New regulatory mechanisms devised to protect patients following high profile scandals such as the Shipman murders and the Bristol baby deaths will tie up doctors in excessive and unnecessary bureaucracy and offer no extra protection to the public, a leading medical indemnity organisation warned today.
The GMC proposes a raft of changes including setting up a network of GMC affiliates in every hospital and primary care organisation.
The affiliates, one medical and one lay member per organisation, will be responsible for dealing with cases at a local level and deciding whether more serious cases should be referred to the GMC.
They will liaise with trust complaints managers and others on complaints and also help develop and deliver packages of assessment, treatment, remediation or retraining for doctors who have performance problems.
They will also liaise with responsible officers, normally trust medical directors, who will maintain a log of "recorded concerns" – problems with an individuals performance or behaviour that are noteworthy yet do not reach the threshold for referral to the GMC.
But writing in the annual report of the Medical Defence Union (MDU) which provides medical indemnity cover to around half the doctors in the UK, Chairman Dr Christopher Evans says that these innovations are "unnecessary, unwelcome and have not been properly considered".
He says; "Back in 2006, when these changes were first mooted in the Chief Medical Officer’s consultation paper we said we did not believe it had been adequately demonstrated that it was necessary or in the public interest to subject doctors to any new burden of regulation.
"Yet we are still faced with the possible prospect of GMC affiliates, responsible officers and recorded concerns (now being piloted as 'agreed statements of concern') that have been devised to meet a supposed need that we do not think has been satisfactorily demonstrated to exist.
"They have the potential, at best, to involve countless hours extra work for very many members and, at worst, to increase members’ exposure to yet more regulatory procedures that we believe are unnecessary, for what we fear will be no appreciable improvement in standards of patient care and safety."
Dr Evans says the MDU argues that better and more constructive use should be made of existing procedures and of other mechanisms that exist for measuring and assessing doctors’ performance and conduct, with the aim of taking remedial action before serious concerns arise.
"We still believe that such a system would be more effective than adding new and different regulatory layers which have the potential to cost millions.
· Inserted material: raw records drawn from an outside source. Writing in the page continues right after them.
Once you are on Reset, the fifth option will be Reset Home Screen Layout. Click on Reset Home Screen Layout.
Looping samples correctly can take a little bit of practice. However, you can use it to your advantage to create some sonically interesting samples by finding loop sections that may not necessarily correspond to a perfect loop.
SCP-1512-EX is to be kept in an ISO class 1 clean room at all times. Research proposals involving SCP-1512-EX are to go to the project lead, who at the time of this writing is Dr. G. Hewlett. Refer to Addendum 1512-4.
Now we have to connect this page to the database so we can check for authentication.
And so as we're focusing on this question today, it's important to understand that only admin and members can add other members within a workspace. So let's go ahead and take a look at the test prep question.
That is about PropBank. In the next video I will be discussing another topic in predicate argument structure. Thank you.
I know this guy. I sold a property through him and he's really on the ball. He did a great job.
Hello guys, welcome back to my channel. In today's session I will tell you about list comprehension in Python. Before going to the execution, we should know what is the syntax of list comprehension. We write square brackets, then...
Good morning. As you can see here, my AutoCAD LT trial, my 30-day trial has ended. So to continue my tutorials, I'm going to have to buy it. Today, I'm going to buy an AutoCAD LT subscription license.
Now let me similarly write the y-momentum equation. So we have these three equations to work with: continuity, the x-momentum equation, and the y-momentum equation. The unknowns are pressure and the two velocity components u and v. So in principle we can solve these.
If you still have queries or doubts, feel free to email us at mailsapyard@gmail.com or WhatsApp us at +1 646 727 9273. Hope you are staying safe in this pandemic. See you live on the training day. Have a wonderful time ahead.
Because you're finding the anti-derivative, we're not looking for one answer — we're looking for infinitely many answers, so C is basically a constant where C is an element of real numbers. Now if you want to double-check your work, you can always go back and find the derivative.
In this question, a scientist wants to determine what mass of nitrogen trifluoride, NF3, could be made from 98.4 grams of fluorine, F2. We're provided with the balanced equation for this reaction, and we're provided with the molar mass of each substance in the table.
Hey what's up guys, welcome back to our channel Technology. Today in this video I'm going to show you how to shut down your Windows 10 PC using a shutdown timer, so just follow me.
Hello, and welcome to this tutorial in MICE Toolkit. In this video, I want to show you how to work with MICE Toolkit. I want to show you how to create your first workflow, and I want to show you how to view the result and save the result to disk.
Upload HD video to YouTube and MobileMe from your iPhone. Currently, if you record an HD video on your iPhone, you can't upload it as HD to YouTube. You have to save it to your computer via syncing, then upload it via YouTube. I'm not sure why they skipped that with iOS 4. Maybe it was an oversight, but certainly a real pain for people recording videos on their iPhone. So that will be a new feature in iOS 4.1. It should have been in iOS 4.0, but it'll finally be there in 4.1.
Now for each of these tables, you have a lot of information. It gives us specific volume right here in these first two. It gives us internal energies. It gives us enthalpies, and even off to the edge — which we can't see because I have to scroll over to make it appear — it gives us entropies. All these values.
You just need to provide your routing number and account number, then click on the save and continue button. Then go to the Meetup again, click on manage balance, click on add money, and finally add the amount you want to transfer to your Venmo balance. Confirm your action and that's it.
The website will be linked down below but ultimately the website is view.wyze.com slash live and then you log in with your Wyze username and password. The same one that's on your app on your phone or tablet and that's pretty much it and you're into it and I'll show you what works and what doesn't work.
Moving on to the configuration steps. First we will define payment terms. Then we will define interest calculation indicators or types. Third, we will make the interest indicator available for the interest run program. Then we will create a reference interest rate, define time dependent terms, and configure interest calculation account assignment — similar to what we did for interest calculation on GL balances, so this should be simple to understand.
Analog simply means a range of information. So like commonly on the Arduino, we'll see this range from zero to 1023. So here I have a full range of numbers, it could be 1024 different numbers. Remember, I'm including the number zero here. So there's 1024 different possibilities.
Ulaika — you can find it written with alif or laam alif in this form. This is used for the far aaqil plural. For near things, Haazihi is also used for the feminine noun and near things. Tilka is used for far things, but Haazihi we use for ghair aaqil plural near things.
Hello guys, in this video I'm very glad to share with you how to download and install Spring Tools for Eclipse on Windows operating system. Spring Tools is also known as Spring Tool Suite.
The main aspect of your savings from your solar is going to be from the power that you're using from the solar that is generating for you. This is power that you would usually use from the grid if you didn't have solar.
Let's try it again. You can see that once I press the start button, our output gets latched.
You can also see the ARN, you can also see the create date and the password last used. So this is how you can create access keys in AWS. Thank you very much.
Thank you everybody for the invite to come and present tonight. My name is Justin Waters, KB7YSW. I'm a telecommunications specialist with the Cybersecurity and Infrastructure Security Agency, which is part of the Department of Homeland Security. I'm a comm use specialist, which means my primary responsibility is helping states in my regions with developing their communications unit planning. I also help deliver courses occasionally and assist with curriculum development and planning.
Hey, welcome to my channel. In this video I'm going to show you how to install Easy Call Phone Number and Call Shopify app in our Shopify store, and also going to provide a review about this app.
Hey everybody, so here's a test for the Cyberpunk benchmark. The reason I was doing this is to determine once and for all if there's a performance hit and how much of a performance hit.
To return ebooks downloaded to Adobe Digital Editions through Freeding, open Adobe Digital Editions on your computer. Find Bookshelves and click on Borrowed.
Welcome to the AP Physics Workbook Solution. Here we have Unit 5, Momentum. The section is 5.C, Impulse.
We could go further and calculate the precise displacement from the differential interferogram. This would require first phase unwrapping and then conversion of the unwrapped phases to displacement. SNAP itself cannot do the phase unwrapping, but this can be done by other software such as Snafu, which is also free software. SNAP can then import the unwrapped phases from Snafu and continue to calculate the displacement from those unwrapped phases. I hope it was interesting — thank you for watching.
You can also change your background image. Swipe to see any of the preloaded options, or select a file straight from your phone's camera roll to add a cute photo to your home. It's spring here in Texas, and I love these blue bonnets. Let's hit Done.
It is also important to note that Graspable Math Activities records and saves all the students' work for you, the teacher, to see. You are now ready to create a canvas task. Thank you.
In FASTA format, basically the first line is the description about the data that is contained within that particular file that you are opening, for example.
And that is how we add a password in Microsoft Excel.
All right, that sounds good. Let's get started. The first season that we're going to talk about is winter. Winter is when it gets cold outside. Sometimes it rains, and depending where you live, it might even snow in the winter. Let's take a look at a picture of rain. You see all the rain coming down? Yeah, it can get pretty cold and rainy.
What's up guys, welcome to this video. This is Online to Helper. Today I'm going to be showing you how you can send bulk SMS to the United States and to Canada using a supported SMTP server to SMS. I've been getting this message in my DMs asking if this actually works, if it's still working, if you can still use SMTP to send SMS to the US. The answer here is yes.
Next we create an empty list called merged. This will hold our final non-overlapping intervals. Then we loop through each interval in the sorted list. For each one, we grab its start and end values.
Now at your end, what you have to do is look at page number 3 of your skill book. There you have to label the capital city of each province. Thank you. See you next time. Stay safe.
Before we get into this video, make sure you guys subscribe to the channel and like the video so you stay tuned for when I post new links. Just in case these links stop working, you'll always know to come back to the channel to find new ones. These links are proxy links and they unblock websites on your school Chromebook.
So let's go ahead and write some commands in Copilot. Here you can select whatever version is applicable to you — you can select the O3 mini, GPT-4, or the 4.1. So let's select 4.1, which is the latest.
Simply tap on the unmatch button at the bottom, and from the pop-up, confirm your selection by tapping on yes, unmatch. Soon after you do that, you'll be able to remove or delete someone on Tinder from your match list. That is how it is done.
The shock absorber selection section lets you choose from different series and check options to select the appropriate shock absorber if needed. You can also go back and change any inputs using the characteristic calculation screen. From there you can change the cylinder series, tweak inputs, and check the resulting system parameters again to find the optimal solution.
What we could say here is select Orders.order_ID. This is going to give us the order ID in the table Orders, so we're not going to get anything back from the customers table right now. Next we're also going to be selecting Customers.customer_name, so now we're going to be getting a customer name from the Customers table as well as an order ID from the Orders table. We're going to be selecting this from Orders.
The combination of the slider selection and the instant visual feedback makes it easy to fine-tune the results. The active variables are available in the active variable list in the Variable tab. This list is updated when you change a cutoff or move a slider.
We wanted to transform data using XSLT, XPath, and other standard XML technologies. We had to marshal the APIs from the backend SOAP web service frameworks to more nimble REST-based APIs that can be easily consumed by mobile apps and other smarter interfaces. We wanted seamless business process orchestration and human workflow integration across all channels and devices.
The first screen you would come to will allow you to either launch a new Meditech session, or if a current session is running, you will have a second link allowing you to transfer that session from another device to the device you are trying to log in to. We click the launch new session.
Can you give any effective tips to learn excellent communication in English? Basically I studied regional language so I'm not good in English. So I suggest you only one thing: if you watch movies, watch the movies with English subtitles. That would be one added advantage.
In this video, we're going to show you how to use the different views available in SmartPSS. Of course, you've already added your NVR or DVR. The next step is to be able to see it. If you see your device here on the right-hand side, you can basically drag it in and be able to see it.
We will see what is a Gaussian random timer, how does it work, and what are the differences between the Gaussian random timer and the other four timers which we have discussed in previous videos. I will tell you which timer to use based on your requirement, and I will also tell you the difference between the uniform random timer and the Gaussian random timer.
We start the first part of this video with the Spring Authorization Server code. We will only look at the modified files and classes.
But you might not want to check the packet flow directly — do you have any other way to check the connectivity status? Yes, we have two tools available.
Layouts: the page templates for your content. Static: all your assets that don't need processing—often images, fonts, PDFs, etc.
We suggested in 2006 that the Department of Health prepared comparative costings, but have seen no evidence that this was done."
Recorded concerns are proposed as voluntarily-accepted sanctions, offered by responsible officers for concerns which are not serious enough to call into question a doctor’s fitness to practise, but which could be viewed by the general public.
Dr Peter Schutte, the MDU’s head of advisory services says: "There is no evidence that there would be a proper independent investigation before a concern is recorded or that doctors would have a right to representation and response. Yet any formal adverse comment made available to the public could have a detrimental effect on a doctor’s reputation and future career prospects."